- Work task
Write out exactly, and only, the lines below from the line with "Obraz premium High" through the line with "Banana Republic Slub"; pictures do not belong in the copy.

- Listed records
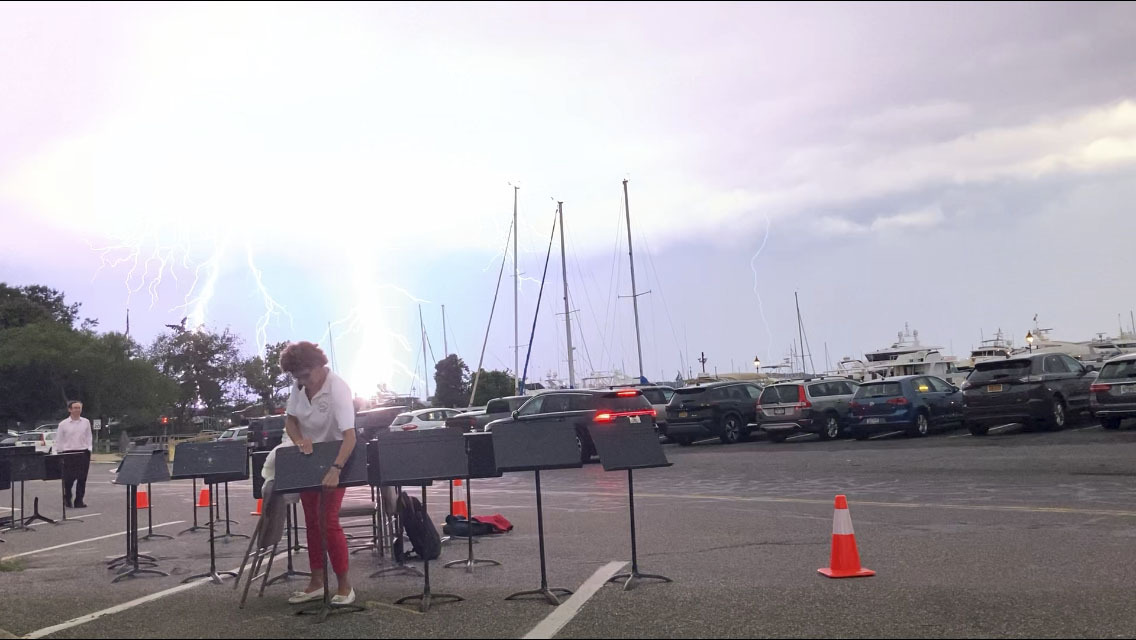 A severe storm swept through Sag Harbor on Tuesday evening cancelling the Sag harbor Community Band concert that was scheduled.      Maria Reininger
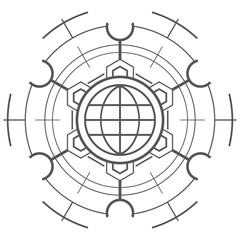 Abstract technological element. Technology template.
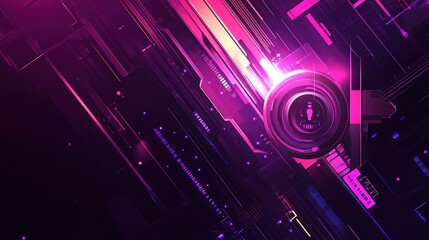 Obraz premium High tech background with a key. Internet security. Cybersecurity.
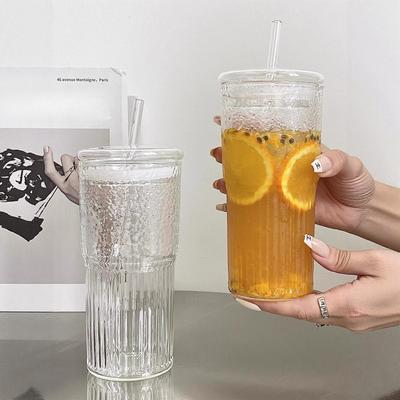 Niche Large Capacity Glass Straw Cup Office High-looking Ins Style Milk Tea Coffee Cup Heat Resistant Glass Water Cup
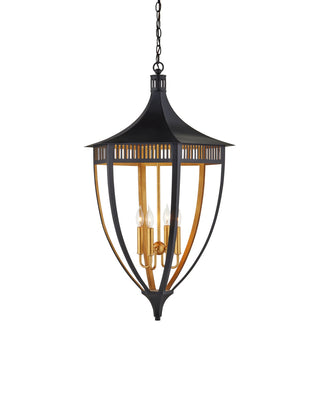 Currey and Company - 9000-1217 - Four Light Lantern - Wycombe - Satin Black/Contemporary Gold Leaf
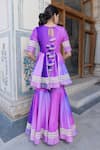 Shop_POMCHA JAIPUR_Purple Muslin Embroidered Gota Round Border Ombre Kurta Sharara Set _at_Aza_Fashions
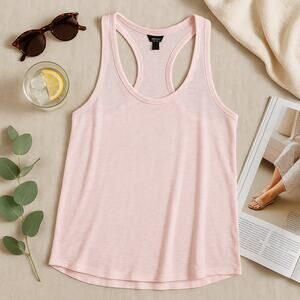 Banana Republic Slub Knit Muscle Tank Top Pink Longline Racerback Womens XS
==
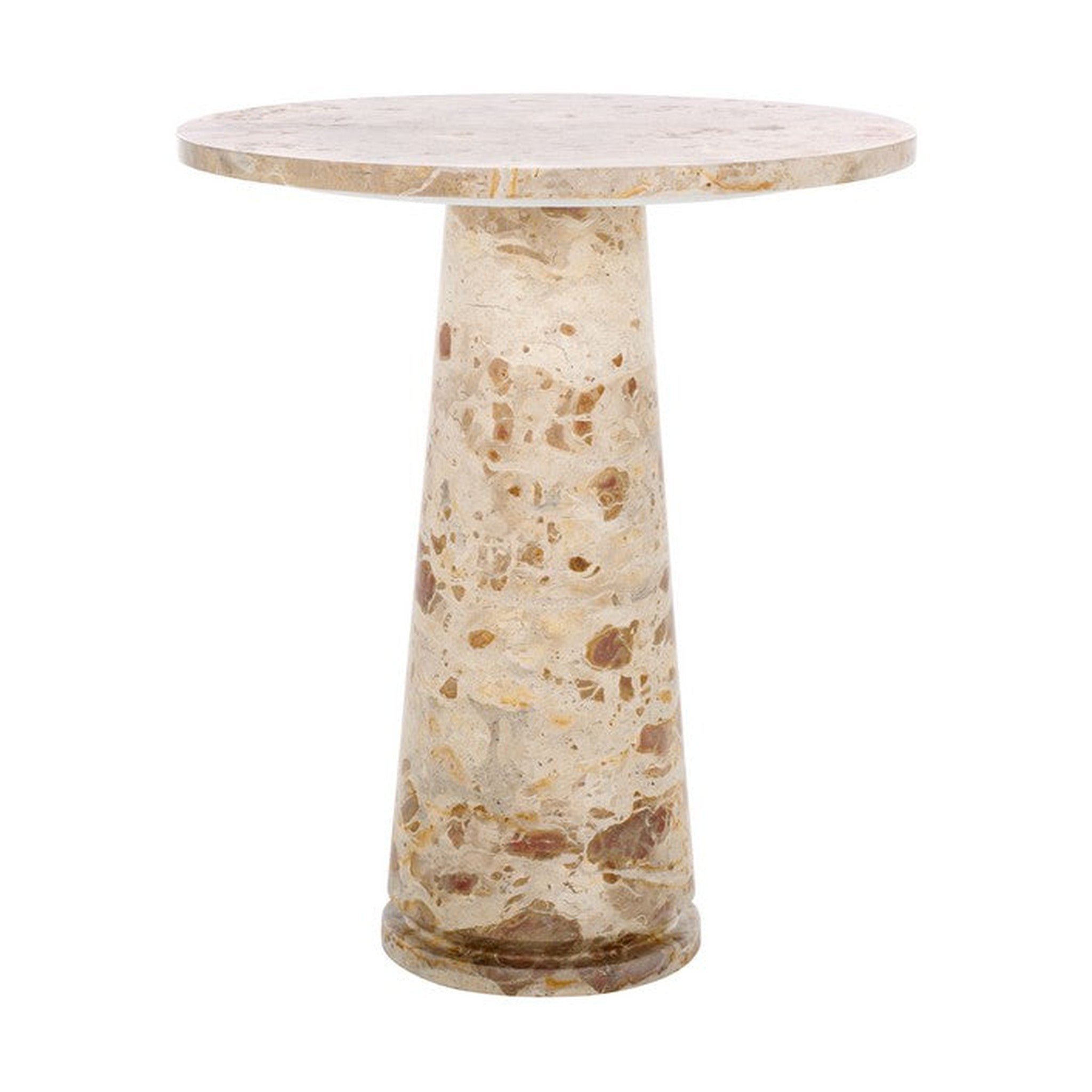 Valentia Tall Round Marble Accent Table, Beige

- Solution to this problem
 Obraz premium High tech background with a key. Internet security. Cybersecurity.
 Niche Large Capacity Glass Straw Cup Office High-looking Ins Style Milk Tea Coffee Cup Heat Resistant Glass Water Cup
 Currey and Company - 9000-1217 - Four Light Lantern - Wycombe - Satin Black/Contemporary Gold Leaf
 Shop_POMCHA JAIPUR_Purple Muslin Embroidered Gota Round Border Ombre Kurta Sharara Set _at_Aza_Fashions
 Banana Republic Slub Knit Muscle Tank Top Pink Longline Racerback Womens XS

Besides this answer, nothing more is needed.